Karoly Hokky (Károly Hokky, also known as Charles J. Hokky in the later part of his life; 31 January 1883 – 16 January 1971) was a Hungarian politician and educator. Due to changing political circumstances, he could be defined early on as being a Hungarian, then as an ethnic Hungarian in Czechoslovakia, and later as a Hungarian-American; throughout the transitions though he kept a strong Hungarian political and cultural identity.

==Early life and education==
Hokky was born in Szepsi in the Abaúj-Torna County of the Kingdom of Hungary (present-day Moldava nad Bodvou in Slovakia).

He attended both Budapest University and Kolozsvár University (now Babeş-Bolyai University at Cluj-Napoca, Romania).

He was a school teacher in Budapest and later in Kassa (today Košice).

==Military career==
With the outbreak of the First World War, he was drafted and served as an infantry officer in the 34th Reserve on the Russian Front. After being wounded, he was assigned to non-combat duties.

After the war he returned to Košice, but after the Czechoslovak Legions took over the city in 1919 he, like other Hungarian teachers, was dismissed from work. His writings about this period, even after many decades, show considerable bitterness towards the Czechoslovaks.

==Political career==
In 1921 he had a major role in founding the Christian Social Party of Carpathian Ruthenia and became its Secretary General.

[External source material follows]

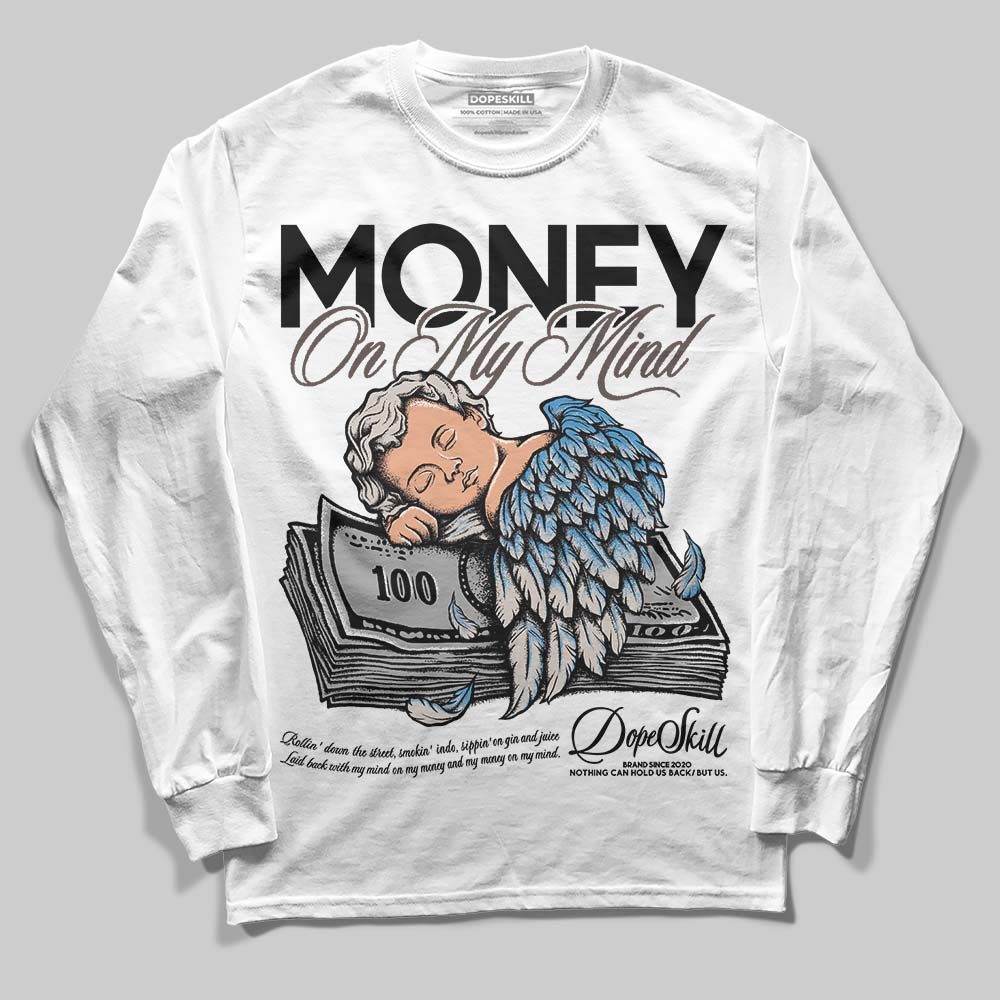 Adidas Samba OG White Black Clear Granite DopeSkill Long Sleeve T-Shirt MOMM Graphic Streetwear - White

In 1928 he was elected as a Representative, and one year later as member of the National Assembly in Prague. In 1935 he was elected as a Czechoslovak Senator for a term which was to last until 1939. However, with the First Vienna Award he was deprived of his mandate, as his constituency was no longer part of Czechoslovakia.

After the Hungarian army occupied Carpathian Ruthenia, the newly created Hungarian National Council invited him to serve as Member of Hungarian Parliament instead.

On 1944 he fled before the advancing Soviet troops, as did many ethnic Hungarians in Carpathian Ruthenia.

Eventually he reached the United States, where he spent the rest of his life, involved in Hungarian anti-Communist emigre circles.

==Archive==
Hokky's papers in Hungarian and English for the 1954–1970 period, including correspondence (especially with Maria Ugron Podhorszky) and writings are deposited in the Hungarian American Collection, Immigration History Research Center, University of Minnesota () (note: biography on this site wrongly attributes his military service to World War II rather than World War I).